Application Disaster Recovery - Well-Architected Framework

"Active-active deployment" is an advanced form of "application disaster recovery" technology, which refers to the establishment of a production system in the same city or different data centers that corresponds to a portion or all of the local production system, and all applications in the data centers provide services simultaneously. When a disaster occurs, the active-active system can switch business traffic within minutes, and users may not even feel the occurrence of the disaster. "Local active-active architecture" and "remote active-active architecture" (code-named "unitization") are typical implementation technologies for active-active applications.

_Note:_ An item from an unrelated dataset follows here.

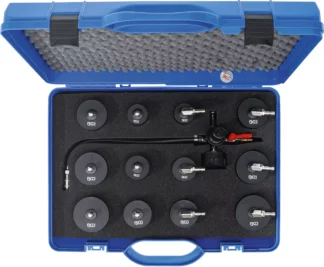 Coffret de diagnostic de compresseur turbo | 13 pièces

Advantages of Active-active Deployment

Minute-level RTO (Recovery Time Objective): Fast recovery time, with an average recovery time within 30 seconds for Alibaba internal service systems and an average recovery time of 1 minute for external customer service systems.
Optimal resource utilization: There is no idle resource, and resources in multiple data centers can be fully utilized to avoid resource waste.
High success rate of switching: Depending on mature active-active technology architecture and visual operation and maintenance platform, compared to the existing disaster recovery architecture, the success rate of switching is higher. The success rate of thousands of switches per year within Alibaba is over 99.9%.
Precise traffic control: Active-active deployment supports fine-grained traffic control from top to bottom, allowing specific business traffic to be directed to the corresponding data center. Enterprises can use this advantage to implement features such as full-domain gray release and key traffic protection.

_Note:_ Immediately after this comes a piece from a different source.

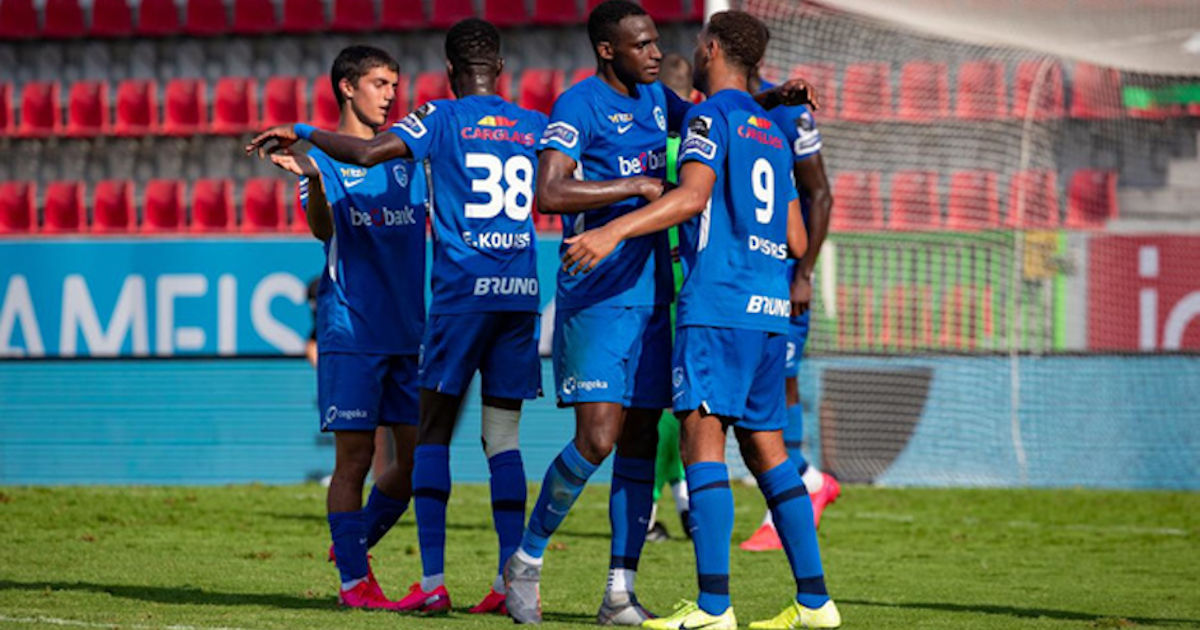 Pronostico Gent - Genk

Design Principles for Active-active Deployment

Active-active deployment is a universal active-active architecture solution that supports cross-region and cross-platform deployment. The standard architecture of active-active deployment needs to meet the following four design standards:

Business Flow Active (BFA): The ultimate presentation of active-active deployment is the business flow, and the active-active disaster recovery system has the ability to finely allocate production traffic based on business characteristics.
Local Region Active (LRA): Applications are the smallest service set of distributed systems. When the primary center enters the disaster recovery state, it should have the ability to switch the entire or partial application globally.
Ultra Distance Active (UDA): In the case of extreme long-distance (distance between data centers exceeding 300 kilometers), the business system can still have good accessibility. The RTO and RPO are within minutes when entering the disaster recovery state.
Hybrid Cloud Active (HCA): Shield the details of disaster recovery for the business and provide a unified active-active programming paradigm. Maintain compatibility with cloud platform technologies in support of active-active scenarios in different deployment modes such as public cloud, private cloud, hosted private cloud, and edge computing nodes.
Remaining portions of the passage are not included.